Some days he could go the whole day without remembering
her smile, her laugh. But other
days, well, those days he just didn’t want to get out of bed. The story was always unfinished. What happened to her? The coroner said there was too much
blood lost, that he doubted she could have survived. But there was no body, and too many
other players in the sinister game they played hadn’t been seen since. Too many questions. No leads. At first, he let it
drive him crazy. Until it landed
him in the hospital for a month with exhaustion.
And there he met her. She was a nurse, and she nursed him back to health. She knew he had lost someone, and she
wouldn’t give up on him. He
remembers when he had been in the same position, helping another grieve her
fiancé.
He quit the government. He couldn’t stand looking down the hallways, past the
flirting corners, at the briefing rooms, without memories screaming at
him. He joined a practice and
started life as a lawyer again.
He knew many people thought he was a coward. He thought he was one too for leaving. But how else could he move on?
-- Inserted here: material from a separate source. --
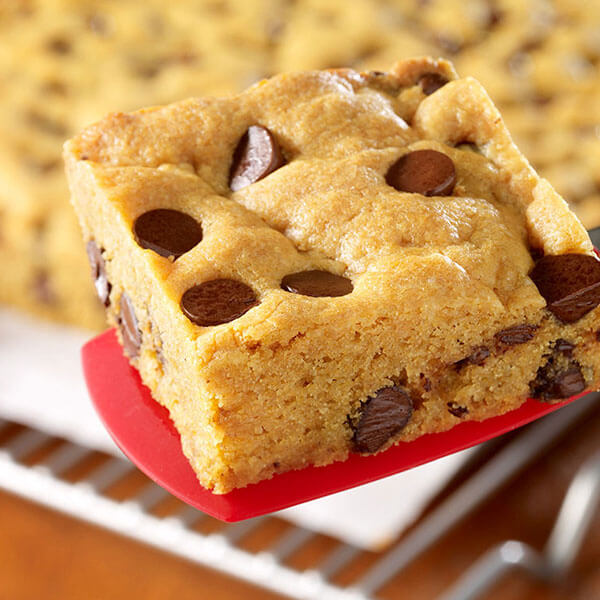 SKIPPY<sup>®</sup> Easy PB Cookie Bars / SKIPPY<sup>®</sup> Easy PB Cookie Bars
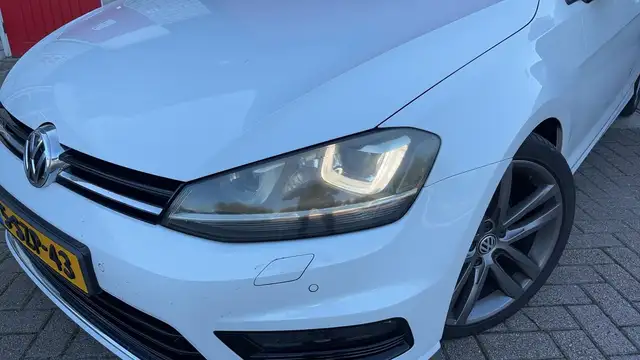 Volkswagen Golf view 3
He married the nurse. Imagine his horror when she decided to surprise him on
their wedding day – she had his father’s watch fixed. He couldn’t tell her how much it hurt
on the day that was supposed to have nothing to do with their past lives.
So he goes into work, smiles at his secretary, and sorts
through the piles of paper on his desk.
His secretary comes in after thirty minutes to debrief him on his
schedule. She reminds him of his
11:30. He says that he thought
it was tomorrow. She gently
explains that it is today, the first of the month. His brow wrinkles.
He thought October 1st was tomorrow. He had hoped not to remember the date
until it was already come and gone.
He gets out the watch.
It’s obligatory now, a duty.
He must confront the date.
And that’s when he notices it. His father’s watch has
stopped.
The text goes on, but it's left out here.